> [Work instructions]: Using only the entries below, copy exactly the lines that begin at the one with "Chirurgenteam bei der" and end at the one with "تصاویر/ حضور قاری", both included. Drop the pictures.
-- Opening Marker --
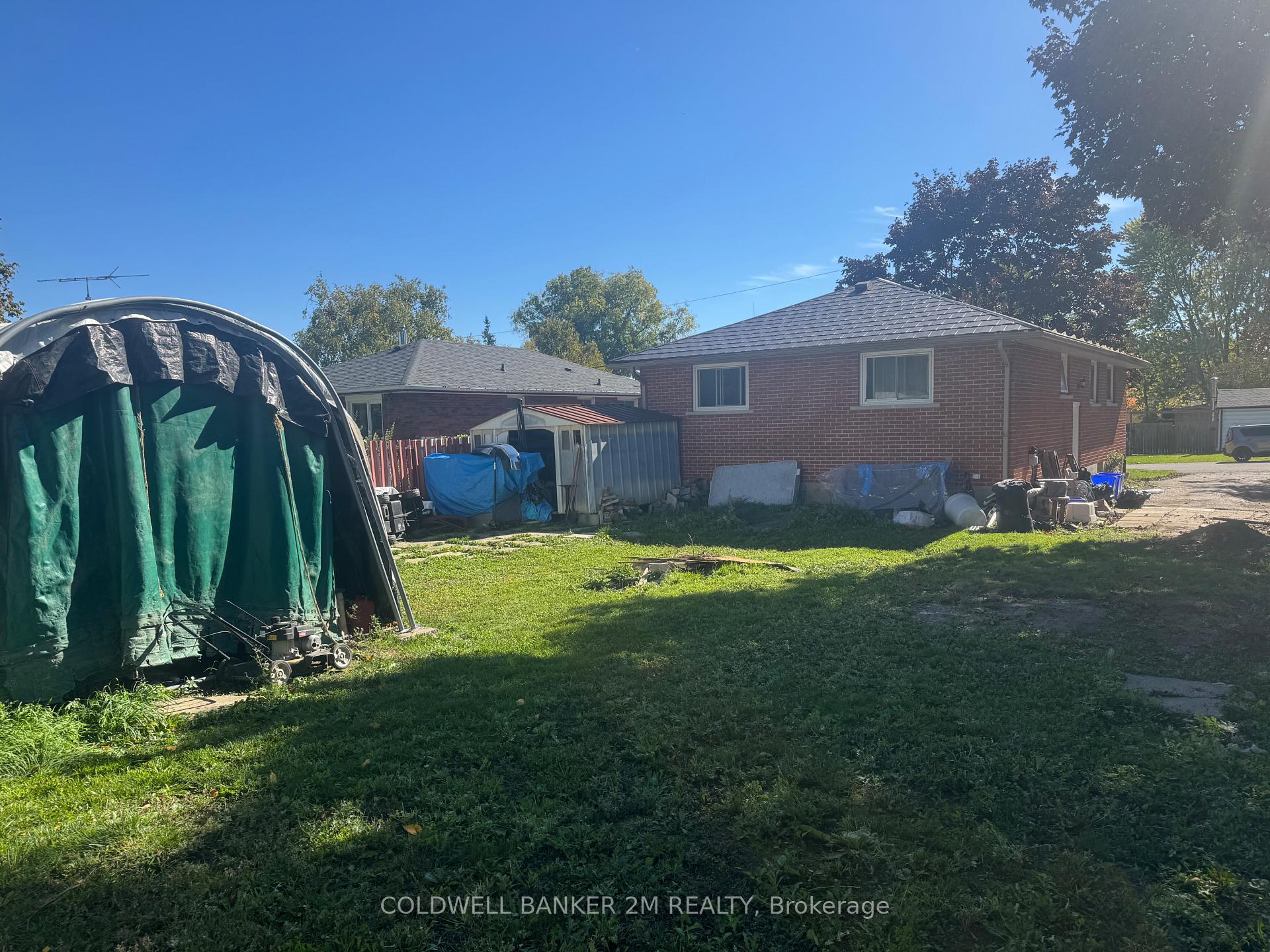 Photo 6 of 2 Summerfield Court, Clarington, Bowmanville — HOMEH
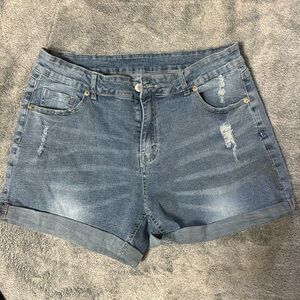 Women’s denim shorts, cuffed ripped size extra large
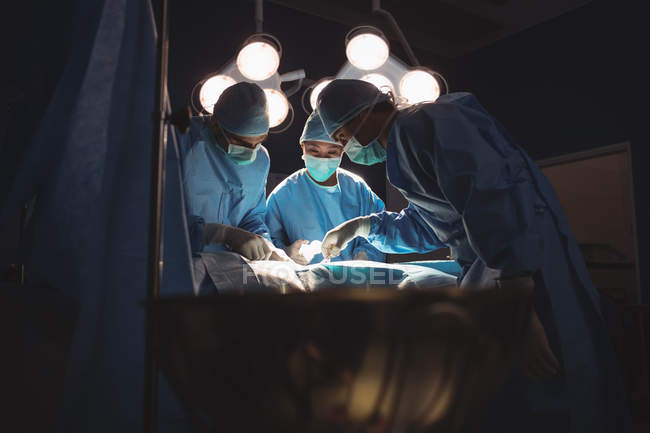 Chirurgenteam bei der Operation im Operationssaal des Krankenhauses — Stockfoto
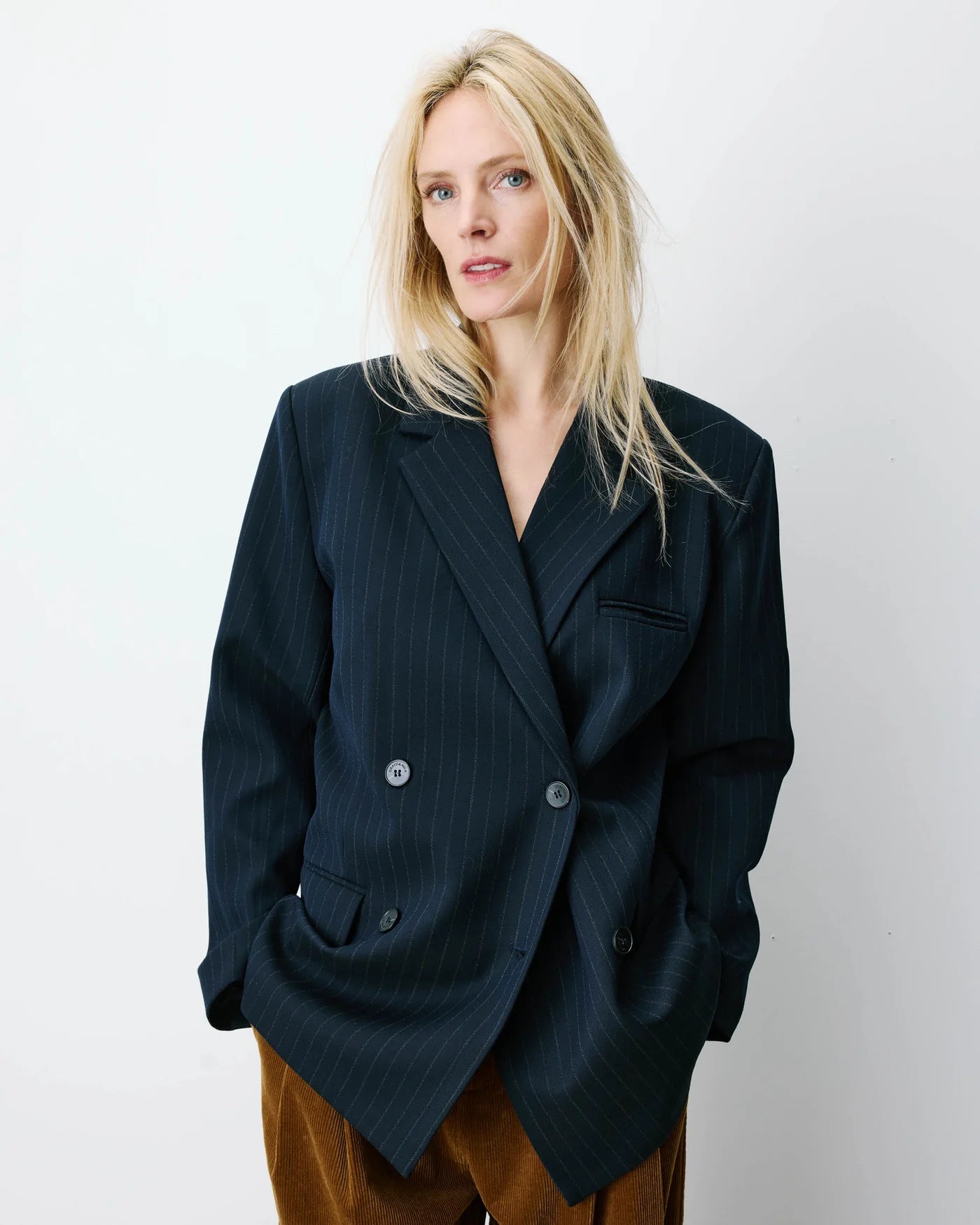 Blazer Auguste de doble botonadura a rayas azul marino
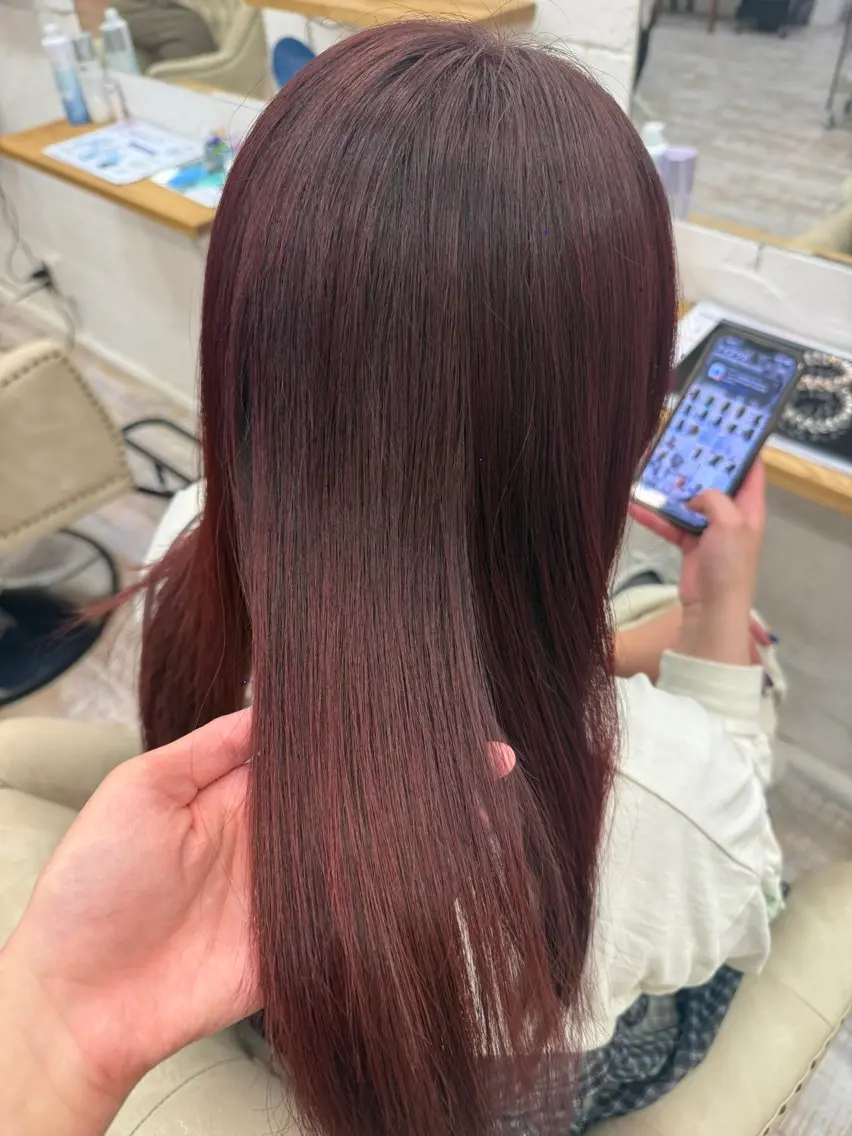 ロング カラー レッドカラー ヘアカラー 山崎 更紗のヘアスタイル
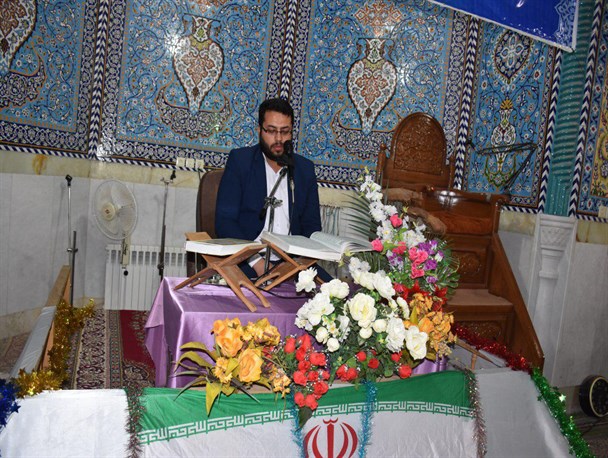 تصاویر/ حضور قاری ممتاز بین المللی در محفل قرآنی احمد آباد اردکان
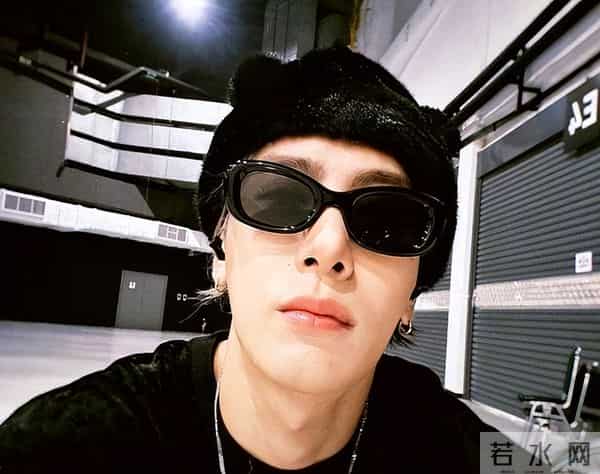 身患抑郁、被朋友骗走财产，今自爆医美，31岁的他给所有人提了醒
-- Closing Marker --
> [Final answer]:
 Chirurgenteam bei der Operation im Operationssaal des Krankenhauses — Stockfoto
 Blazer Auguste de doble botonadura a rayas azul marino
 ロング カラー レッドカラー ヘアカラー 山崎 更紗のヘアスタイル
 تصاویر/ حضور قاری ممتاز بین المللی در محفل قرآنی احمد آباد اردکان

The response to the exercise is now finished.